Atomics with Serial Backend - Default should be Disable? #549

nmhamster · 2016-11-21T23:35:11Z

I understand some of the background to why we have atomics enabled for serial backend but I think the default should be that atomic operations are disabled and result in standard load/stores when serial backend is used. This would assume a Kokkos CMake/make option to re-enable if needed. Given that a good number of codes are using the serial backend on MPI-only platforms still this seems an overhead which is not needed or necessary. Removing this would enable more optimization and possibly vectorization for this case.

hcedwar · 2016-11-21T23:45:01Z

This would only be viable for a Serial-only configuration. Otherwise detected whether within a parallel region or not would swamp the cost.

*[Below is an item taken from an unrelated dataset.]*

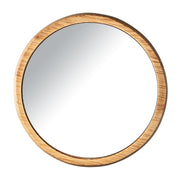 Taschenspiegel gravierbar aus Holz
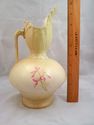 Rare Robert Hanke Porcelain Factory Antique Ewer,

nmhamster · 2016-11-21T23:47:08Z

@hcedwar I think you tell people if they are using serial backend we won't compile thread safe atomics etc in there unless they use the override. There are definitely Trilinos builds which are serial-only.

mhoemmen · 2016-11-21T23:50:22Z

What if people use Kokkos::Serial in thread-parallel tasks?

crtrott · 2016-11-21T23:59:18Z

What Carter meant was that if we enable both OpenMP and Serial, atomics are still enabled.
If Serial is the ONLY enabled backend, then we shortcut the atomics.

mhoemmen · 2016-11-22T03:35:01Z

Would it make sense for Kokkos::atomic_* to be functions of the execution space? Users would write, for example,

execution_space::atomic_add (&x[i], 42.0);

or for an execution space instance instance,

instance.atomic_add (&x[i], 42.0);

hcedwar · 2016-11-22T18:05:06Z

This would deviate way to much from the ISO/C++ standard, and from where the C++20 standard is headed for allowing atomic operations on non- std::atomic types.

Best we can do is when Kokkos is configured with ONLY the Kokkos::Serial back-end that the atomic implementations decay to non-atomic operations. This is still high-risk because an application may be using pthreads or OpenMP unknown to Kokkos, then use Kokkos atomics, then get silent data corruption, and then blame Kokkos.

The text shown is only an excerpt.